The main issue (why you asked the question) is plain to see when you run the code through the pre-processor.

int main(){
    if( 3 == 3 ){
        std::cout<< "Your PC is fine.";
    } }else{ if(( 3 == 4 ){  // *** The issue you're having ***
        std::cout<< "Your PC is broken.";
    }else{
        std::cout<< "Your PC is trash.";
    }

    printf(__FORTRAN_WRITE_ARGS("(I)"), 5);
}

The ELSEIF (I eliminated most lowercase variations) gets substituted, but not the way you want. ELSEIF makes its substitution, but then you had done #define else ELSE and #define if IF. That obviously clashes with real C++ and you were making double substitutions which were creating broken code.

Below is my modified fortran.h and main.cpp. It will be worth running a diff on my fortran.h to see exactly what changes I made. It now compiles, but it's still broken. It prints garbage after saying that my computer is fine. I poked around on your WRITE function, but in order to preserve your syntax (which might be incorrect, I don't know Fortran but the '()' don't match up), I couldn't come up with anything reasonable. It will likely need nested macro calling. One to generate the string, and another to actually substitute the string into the printf statement.
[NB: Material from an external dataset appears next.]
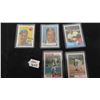 Image 1 : 5 Assorted Baseball Cards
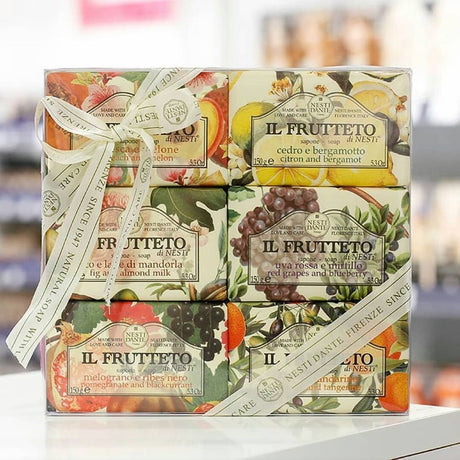 Nesti Dante il Frutetto Geschenkset Seife 6x150gr.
In figuring this out, the pre-processor only flag, -E, will be your friend to see if the substitutions you are attempting are working.

fortran.h

#include <cstdio>
#include <cstring>
#include <string>
#include <iostream>

#define IF if(
#define THEN ){
#define ELSEIF } else if(
#define ELSE }else{
#define ENDIF }
#define PROGRAM(x) int main(){
#define program PROGRAM
#define END }
#define end END
#define STOP exit(0);
#define stop STOP
#define call
#define subroutine
#define recursive
#define function
#define FOR for(
#define LOOP ){
#define ENDFOR }
#define WHILE while(
#define DO ){
#define ENDDO }
#define PRINT(t) std::cout<<
#define _ <<
#define READ std::cin>>
#define $ >>
#define selectcase(x) switch(x){
#define endselectcase }
#define endfunction }
#define CODE {
typedef char character;
typedef int integer;
typedef double doubleprecision;
typedef float real;

char* function __FORTRAN_WRITE_ARGS(const char* f) CODE
    integer i;
    std::string arg = "";  // Removed __cx11, not needed

    IF f[0] != '(' || f[strlen(f)-1] != ')' THEN
        return "";
    ENDIF

    FOR i = 0; i < strlen(f); i++ LOOP
        selectcase(f[i])
            case ' ':
            case '(':
            case ')':
            case ',':
                continue;
                break;
            case 'I':
                IF f[i+1] >= 48 && f[i+1] <= 57 THEN
                    arg += "%";
                    arg += f[i+1];
                    arg += "d";
                ELSE
                    arg += "%d";
                ENDIF

                break;
            default:
                continue;
        endselectcase
    ENDFOR
    char retval[arg.length() + 1];  // Removed pointless initialization, fixed size
    for (auto& I : retail) i = '\0';  // null character initialization
    strncpy(retval, arg.c_str(), arg.length());
    return retval;
endfunction
#define write(t, f) printf(__FORTRAN_WRITE_ARGS(f),
#define endwrite )
#define WRITE write
#define precision

main

#include "fortran.h"  // Not a system include for me, so changed to " "

real function f() CODE
    return 0.0;
endfunction

program(main)
    IF 3 == 3 THEN
        PRINT(*) "Your PC is fine.";
    ELSEIF 3 == 4 THEN
        PRINT(*) "Your PC is broken.";
    ELSE
        PRINT(*) "Your PC is trash.";
    ENDIF

    write(*, "(I)") 5);
END

If the end-goal is to legitimately write C++ code using fortran syntax for something other than novelty, I'd say abandon that idea quickly and just learn C++.